Subscription Revenue. For the three months ended September 30, 2005 subscription revenue increased $3.8 million or 76%, over the three months ended September 30, 2004. An increase of $1.1 million was attributable to a 27% increase in mature customers and an increase of $899 thousand was due to an increase of 10% in average monthly revenue per customer. Approximately $1.7 million of the increase in subscription revenue was attributable to the addition of the Leads.com business. Approximately $189 thousand of the increase in the subscription revenue was generated from customer relationships attributable to the addition of the EBOZ business.

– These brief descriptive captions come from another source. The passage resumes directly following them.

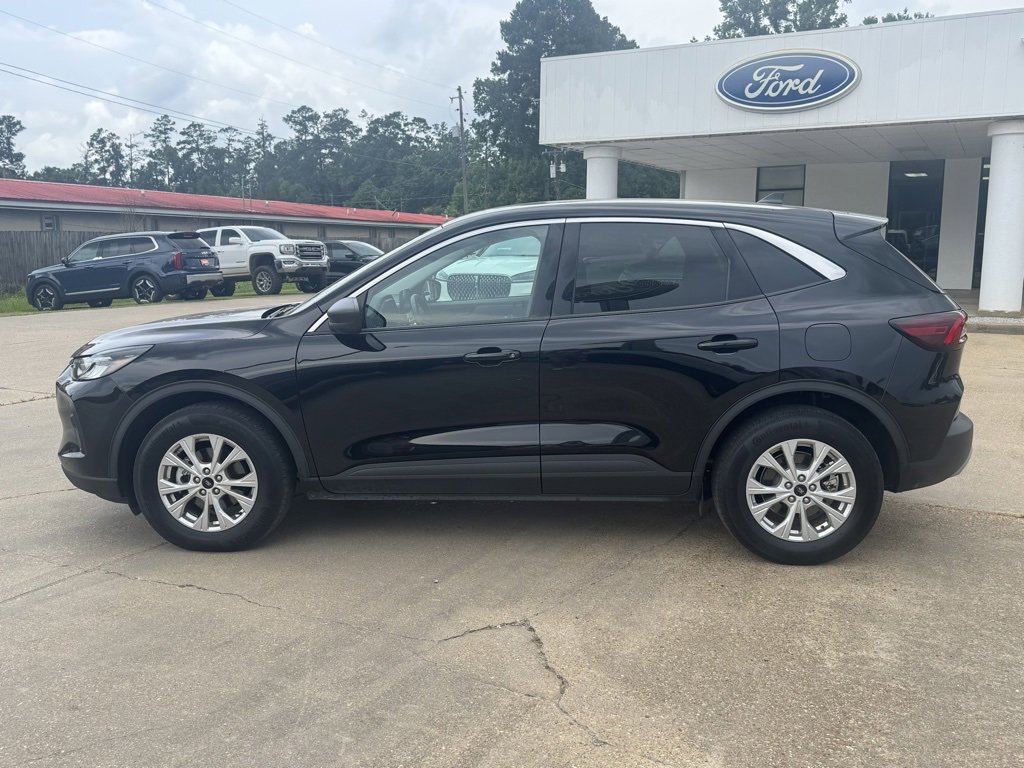 2024 Ford Escape Active photo 2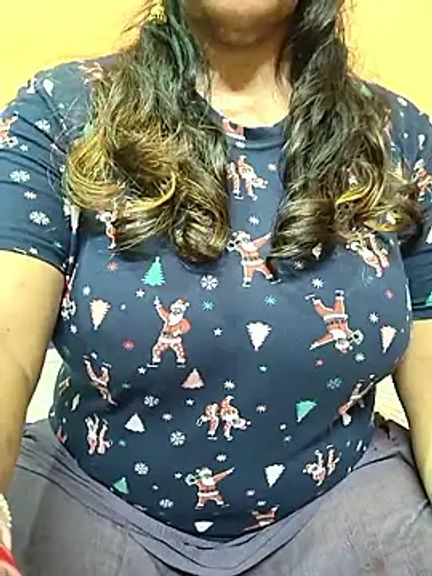 AAROHI-HOT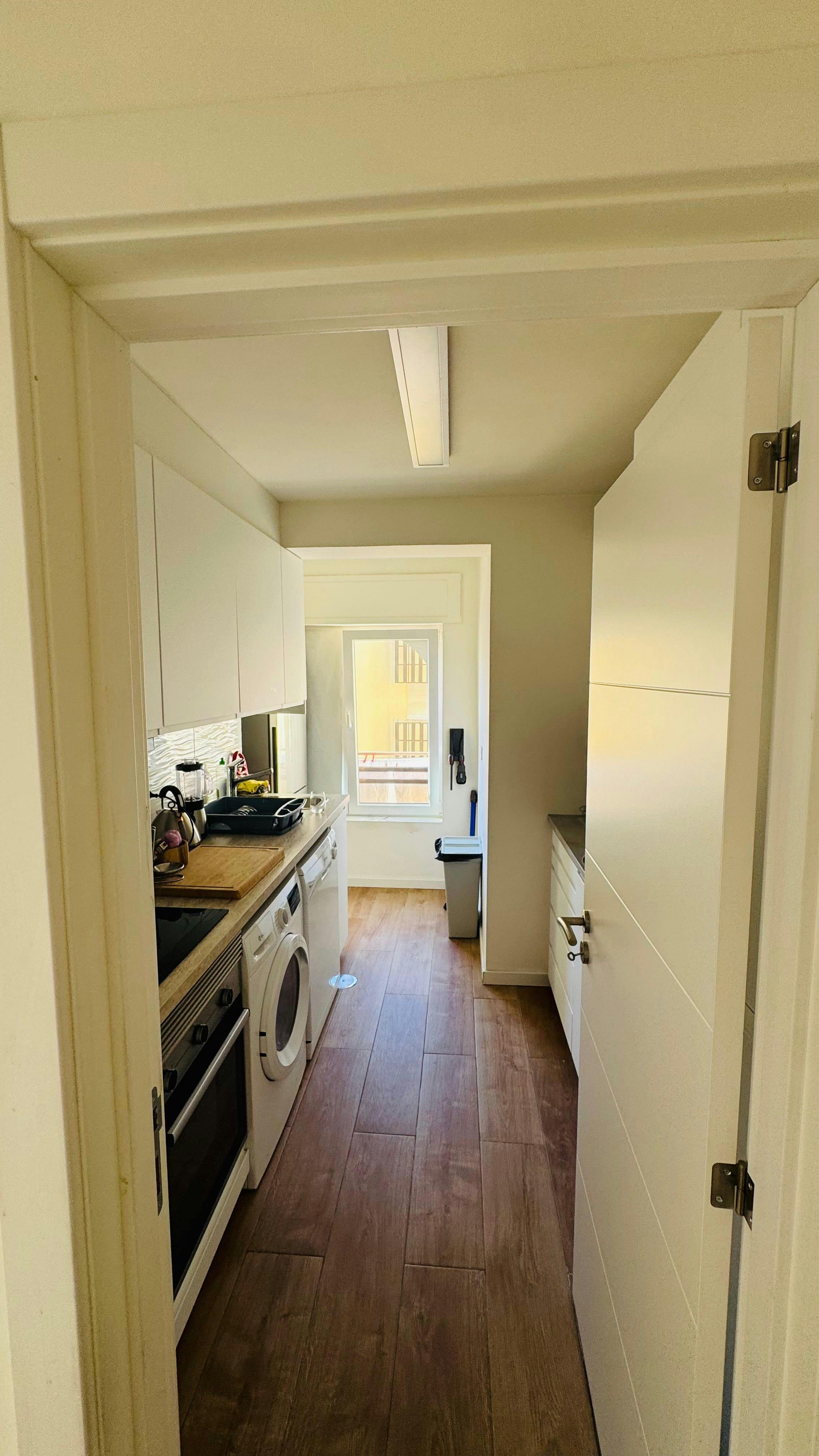 Lägenhet att hyra för 1 300 € i månaden i Carcavelos, Rua Luís de Camões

Monthly turnover decreased from 6.7% in the three months ended September 30, 2004 to 5.7% in the three months ended September 30,2005 which also had a positive impact on our total subscriber base and our net subscriber additions. We believe that this improvement in monthly turnover was the result of better customer service and the increased effectiveness and breadth of our services. Monthly turnover excludes Leads.com and EBOZ customer turnover.
License Revenue. For the three months ended September 30, 2005 license revenue increased $29 thousand, or 4%, over the three months ended September 30, 2004.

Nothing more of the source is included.